La Chiesa non riconobbe il Regno d’Italia che di conseguenza non fu riconosciuto da altre nazioni. L’8 ottobre 1884 Pio IX emanò l’enciclia Quanta cura il cui succo è che la Chiesa è una società perfetta, autonoma da ogni altro potere. La democrazia nata dall’illuminismo è contro la ragione obiettiva e la giustizia secondo la legge rivelata. Ai cattolici era vietato impegnarsi in politica: non expedit. Gli "invasori" della Città Santa, cioè i Savoia e il governo del Regno, venivano scomunicati. Pio IX, dichiarandosi prigioniero degli invasori, non uscì più dai palazzi pontifici. Il governo del Regno rispose a pan per focaccia con una mitragliata di leggi: soppressione degli ordini religiosi, incameramento dei beni ecclesiastici, la giurisdizione sui cimiteri non rimase più alla Chiesa, l’obbligatorietà del servizio militare anche per i seminaristi, l’obbligo del matrimonio civile anche per chi contraeva quello religioso.
Nel 1867 Garibaldi organizzò una spedizione militare verso Roma nella speranza che la gente si sollevasse. Ma fu sconfitto dall’esercito francese a Mentana ed esiliato a Caprera.

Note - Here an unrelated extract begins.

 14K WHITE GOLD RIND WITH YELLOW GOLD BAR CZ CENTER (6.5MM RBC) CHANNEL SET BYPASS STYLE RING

Pio IX, l’8 dicembre, convocò i vescovi per il Concilio Vaticano I e dettò le sue regole che resteranno in vigore per oltre un secolo: anzitutto l’infallibilità papale in materia di fede e di morale. A tutt’oggi questa dichiarazione crea problemi nel dialogo tra i Cattolici e le altre confessioni cristiane, il dogma del potere religioso e temporale del papa.

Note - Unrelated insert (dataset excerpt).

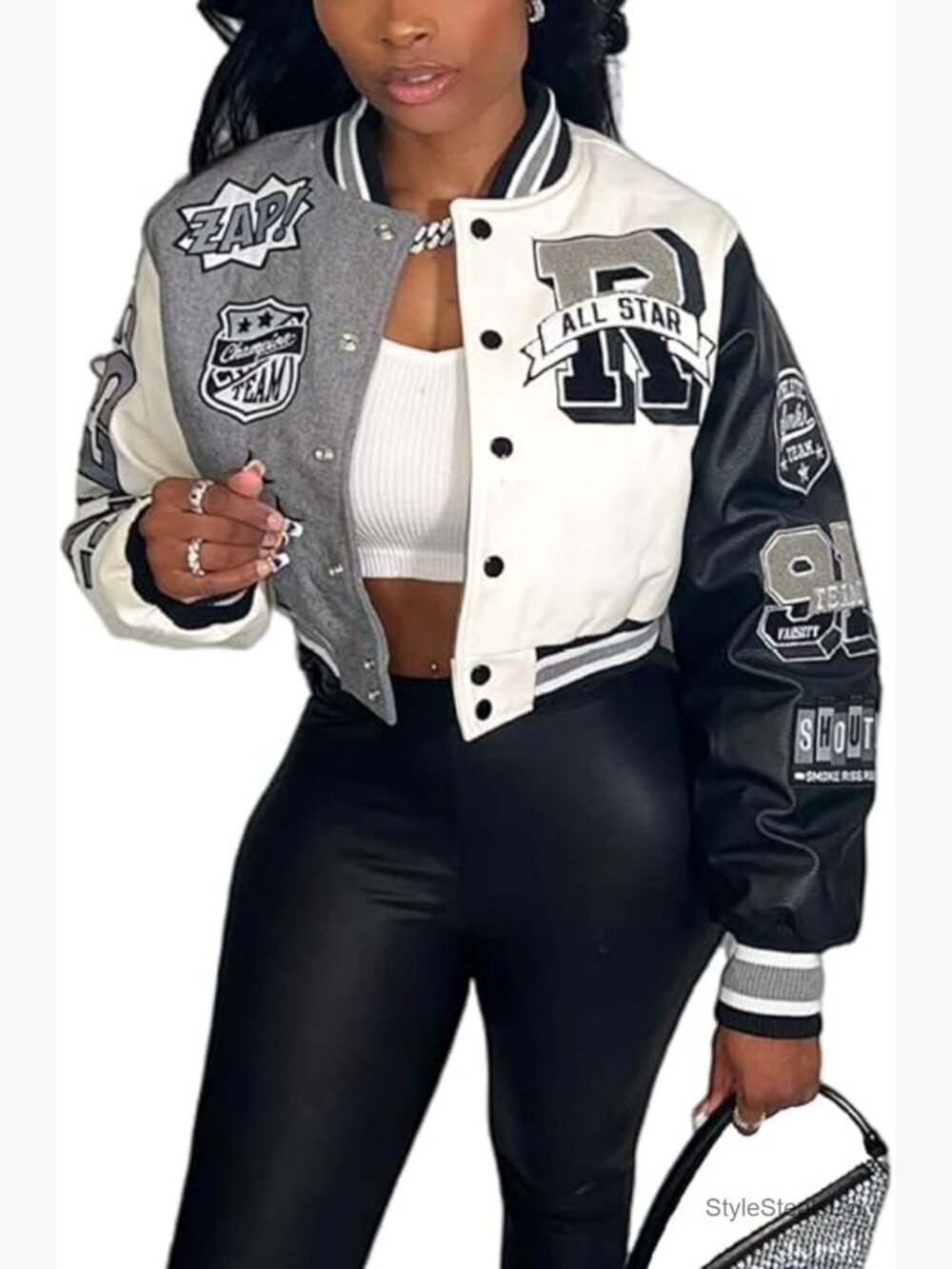 Cropped Varsity Jacket Colorblock Letter Print Button Down Bomber Coat with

Con la presa di Roma iniziò un lungo periodo di crisi nei rapporti tra Regno d’Italia e Santa Sede fino alla così detta riconcilazione nel febbraio del 1929 tra Pio XI e Mussolini, con i Patti Lateranensi. Più che altro fu un compromesso che non risolse il rebus di fondo: Roma era capitale dell’Italia unita o la Città Santa governata dal successore di Pietro? Nei testi di Diritto Canonico, in uso nei seminari, si sosteneva la seconda tesi fino al Concilio Vaticano II, negli anni Sessanta e fino a quando quel sant’uomo di Papa Roncalli uscì dall’isolamento del Vaticano in cui i suoi predecessori si erano polemicamente trincerati e andò a trovare i carcerati di Regina Coeli, i malati negli ospedali e le parrocchie della periferia.
Nella primavera del 1961, in occasione del centenario dell’Unità d’Italia, col suo sorriso disarmante disse che una cosa è il Regno dei cieli e un’altra sono i regni di questo mondo e che l’unità d’Italia era stato un bel dono della Provvidenza.